In an Australian selection eight and racing as the Georgina Hope Rinehart National Training Centre, in honour of Rowing Australia patron, Gina Rinehart, Brodie won the 2018 Grand Challenge Cup at the Henley Royal Regatta. The fourth Australian men's eight to ever do so. The following week at the World Rowing Cup III in Lucerne, Brodie steered the Australian eight to silver medal in a thrilling 0.14 second finish behind Germany. The stage was set for the close competition that played out at the 2018 World Championships in Plovdiv. In their heat the Australian eight finished 5/100ths of a second behind the USA and then in the final, Germany dominated and took gold but 2/10ths of a second separated 2nd through to 4th and the Australians took silver, a bowball ahead of Great Britain with the US out of the medals and just another bowball behind. Brodie came home with a silver world championship medal.

In 2019 Kendall was again selected to steer the Australian men's eight for the 2019 international representative season.
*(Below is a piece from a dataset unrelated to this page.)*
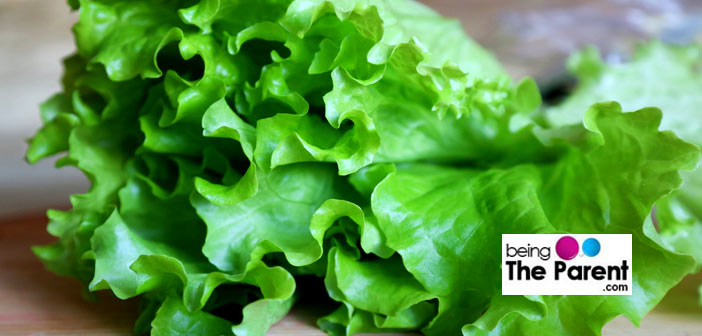 is-it-safe-to-eat-lettuce-during-pregnancy-being-the-parent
The eight placed 5th at the World Rowing Cup II in Poznan and 6th at WRC III in Rotterdam. Brodie was then selected to cox the Australian men's eight at the 2019 World Rowing Championships in Linz, Austria. The eight were looking for a top five finish at the 2019 World Championships to qualify for the Tokyo Olympics. The eight placed second in their heat and fourth in the final and qualified for Tokyo 2020. At the delayed 2020 Olympics Brodie's seat in the Australian men's eight was taken by Stuart Sim.
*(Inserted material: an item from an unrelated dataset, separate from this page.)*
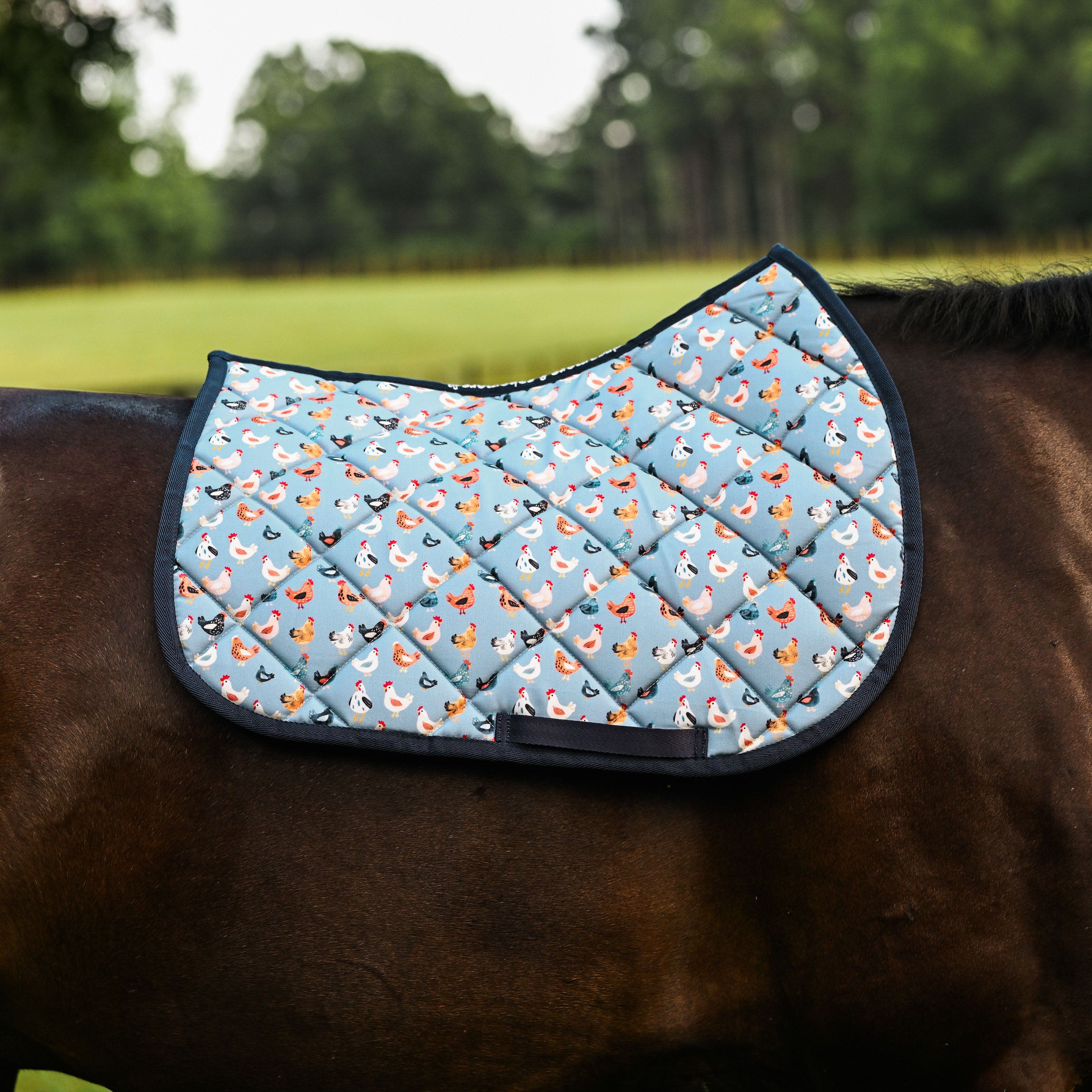 dreamers & schemers Saddle Pad Hen House Saddle Pad equestrian boot socks boot socks thin socks riding socks pattern socks tall socks funny socks knee high socks horse socks horse show socks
Brodie regained control of the rudder, when selected into the Australian men's eight to prepare for the 2022 international season and the 2022 World Rowing Championships. At both the World Rowing Cup II in Poznan and at the WRC III in Lucerne, Brodie steered the Australian men's eight to silver medal results. At the 2022 World Rowing Championships at Racize, Brodie coxed the crew through a repechage to make the A final where they raced to a third place and a World Championship bronze medal.
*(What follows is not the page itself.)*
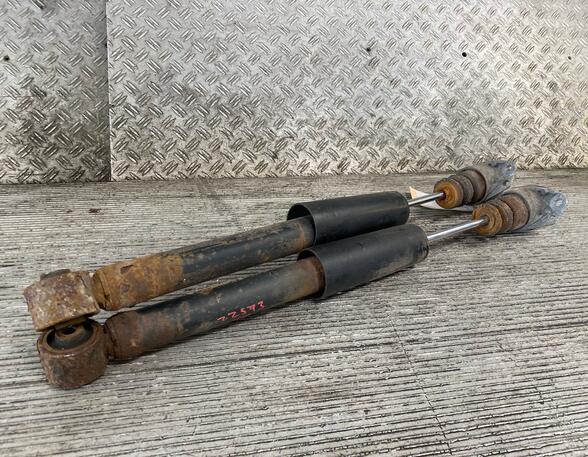 Shock Absorber SKODA Fabia II (542)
In March 2023 Brodie kept her seat in the stern when selected in Australian men's eight for the 2023 international season. At the Rowing World Cup II in Varese Italy, Brodie coxed the Australian men's eight. In the final after a slow start they rowed through most of the field to take second place and a silver medal. At 2023's RWC III in Lucerne, Brodie again steered the Australian men's eight. In the final they rowed stroke for stroke with their fancied Great Britain rivals but then moved away at the 1000m mark and held on for an upset gold medal victory. For the 2023 World Rowing Championships in Belgrade Serbia, the Australian men's eight was left unchanged with Brodie in the stern. They won their heat powering past the USA eight who had headed them at the 1000m mark. In the A final Australia and Great Britain traded the lead over the first 1000m, but beyond that point the result mirrored that of 2022 with Great Britain exerting dominance by the 1500m, fighting off a fast finishing Dutch eight who took silver and leaving the Australians with the bronze for the second successive year.